Speaker installation is very critical for performance. Whether you spent $1000 or $10,000 on a set of speakers, if they are not properly installed, they would not sound as they should. Even though it may seem that the best position for most speakers are in the stock housing’s that came with the car e.g. on the door panel near your feet, this is just not so. You would see why such positions are still used however along with alternative solutions such as center channels for 5.1 dolby, LCD screen, in-dash DVD players. There are many factors that need to be considered in placing the speakers in the correct position.
The first thing to consider is distance. If the left speaker is only a couple feet away from your ears, while the right speaker is several feet away from you, then the sound will arrive at different times giving you poor sound. Since the left speaker is closer, it sounds louder. The best solution is to figure out a location where the difference between the distance of the right speaker to your ears and left speaker (also known as path length difference), are minimal. This is where kick panels become the preferred location.
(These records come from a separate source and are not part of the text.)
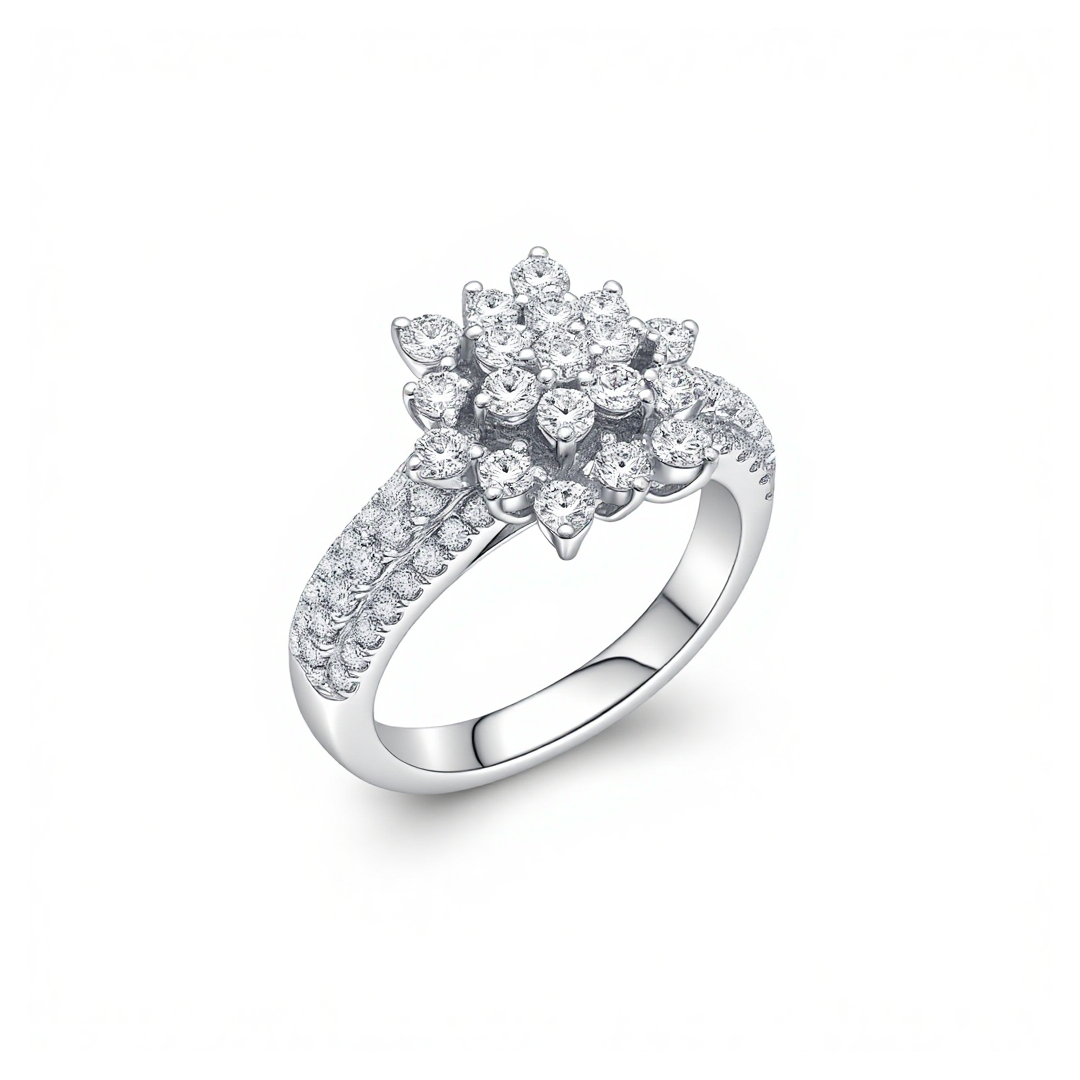 1.26ct. Tw. Round Cut Vvs Moissanite Cluster Engagement Ring Iced Out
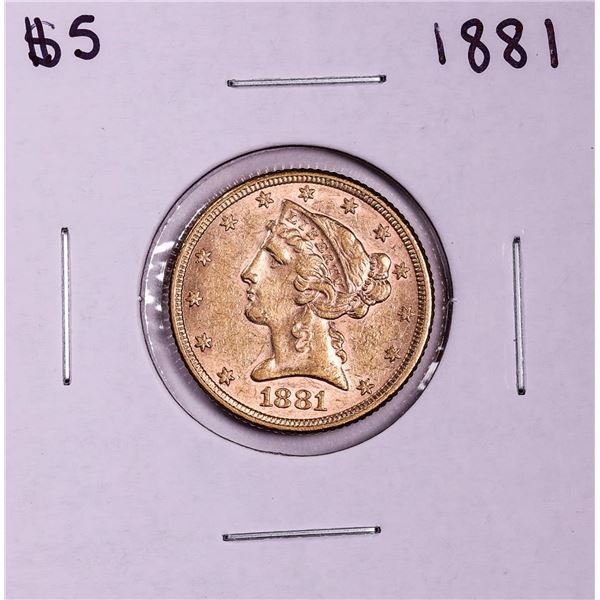 1881 $5 Liberty Head Half Eagle Gold Coin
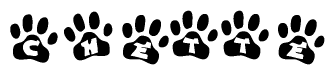 The image shows a row of animal paw prints, each containing a letter. The letters spell out the word Chette within the paw prints.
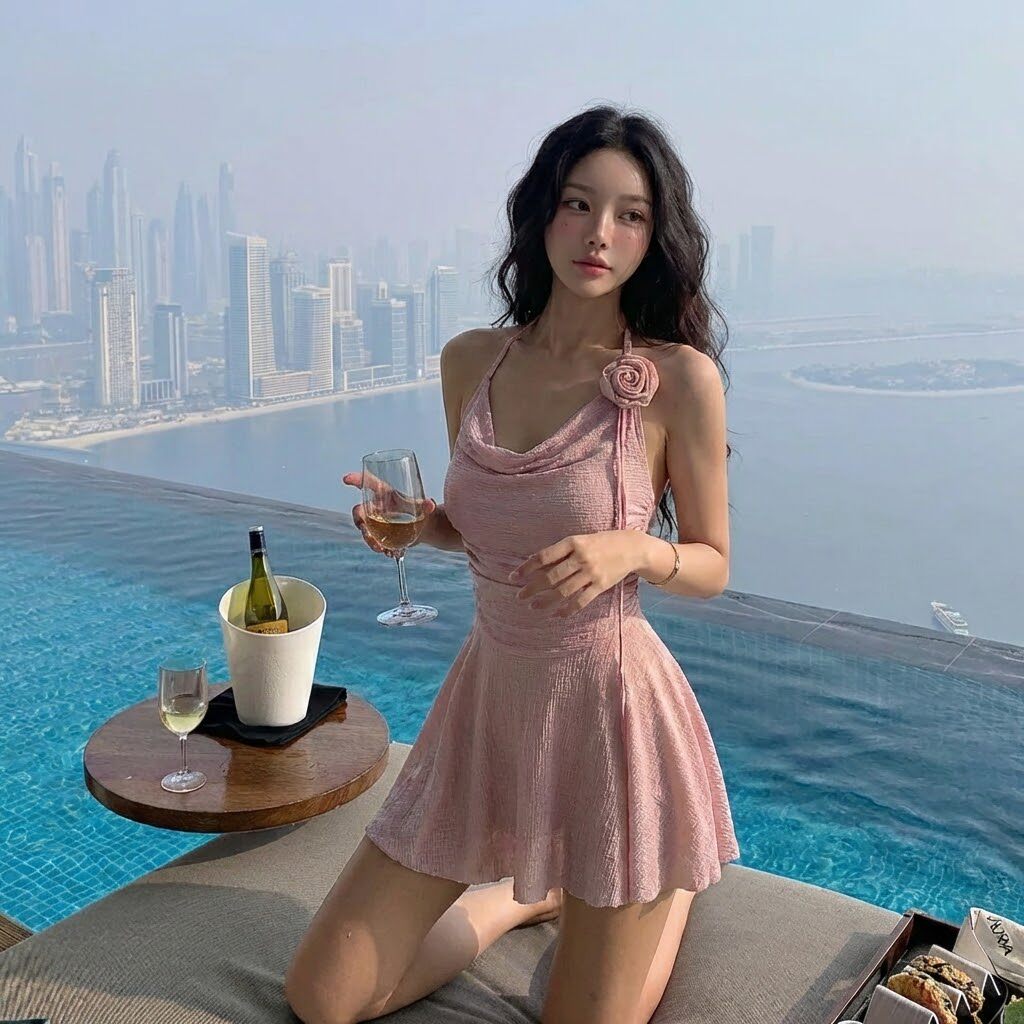 2026新款泳衣女泡温泉连体裙式保守粉色绝美游泳衣高级感爆款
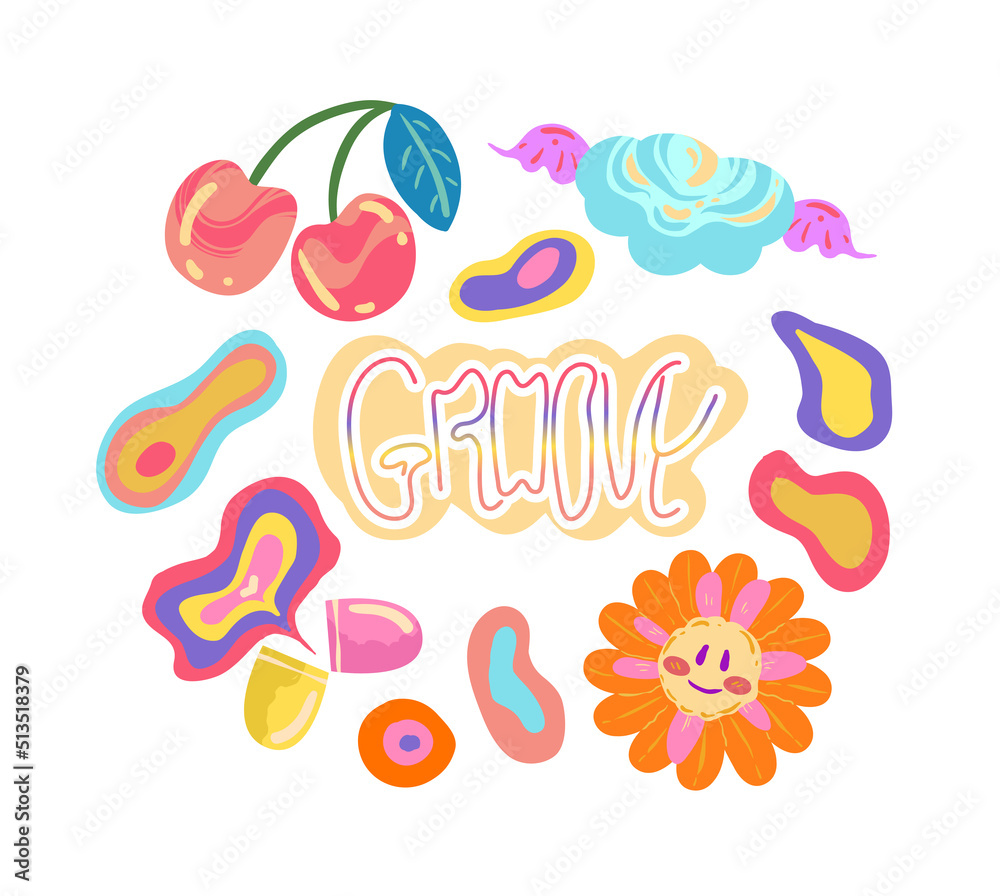 Groovy retro style. Vector illustration. Hippie elements. Various stickers, cherries, cloud, chamomile, vitamin. Postcards, stickers, posters. Cartoon style Groovy retro style. Vector illustration. Hippie elements. Various stickers, cherries, cloud, chamomile, vitamin. Postcards, stickers, posters. Cartoon style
Multiple Speaker Placement
If you have a system with two or more speakers per side, you need to try out different locations to obtain the best possible sound in your car. If you have a 2-way system with a tweeter and sub per side. The subs are mounted in the stock location at the bottom of the door. The tweeters are mounted high up on the front corner of the door panel. From the driver’s seat, you can see that there are 4 speakers all aimed towards different orientations and all at a different distance to your ears. This interaction of sound waves at different frequencies arriving at your ears at different times seldom sounds good. The best thing to do is to position the woofer and tweeter on each side as close as possible to each other. This is also why kick panels are used so much these days. Professional installers do use some tricks such as inverting the tweeters’ polarity when mounted for example on top of the dash while the woofers are low. Achieving good sound with unconventional mounting schemes is very, very hard and is only achieved after plenty of time has been spent trying different configurations.
Our ears can distinguish the direction of sound more easily at higher frequencies. This means that aiming the mids, and most importantly, tweeters towards your ears play a critical role in sound imaging. Midbases are not so critical, but should be also aimed towards the listener’s ears if possible. To figure out the best aiming angle involves many hours -even days- of work. To start, try to aim the speakers towards the center of the car. Play around with different angles until you obtain the best sounding position. Subwoofers should be mounted up front for best sound. Since this is not possible in most cars, mounting subs in the back is not such a bad thing, since most people can’t distinguish where bass comes from. If you have good midbases going down to 60 Hz or less and subs picking up the signal below 60 Hz, then the bass will seem to come from the front.
Subwoofers need a properly designed enclosure to give top performance. Midbases and mids also do sound much better if they are installed in enclosures. The best sounding and easier to build enclosure type for midbases and mids is sealed.
If you are using speakers that fit into the stock location, make sure there are no spaces or holes. Sometimes building a wood or fiberglass baffle helps reduce holes and gives you much better sound. Always be careful when using power tools around speakers. Holes in speakers usually are not covered by the warranty. For unconventional speaker locations, sometimes metal has to be cut. If you have the resources, plasma cutters and pneumatics tools work great. For most of us that do not have these tools, a pair of metal snips (left and right cut) will do the job.
Take your time to plan your system and dont just buy brand and product for the sake of popularity. Sometimes the simplest system is the most effective.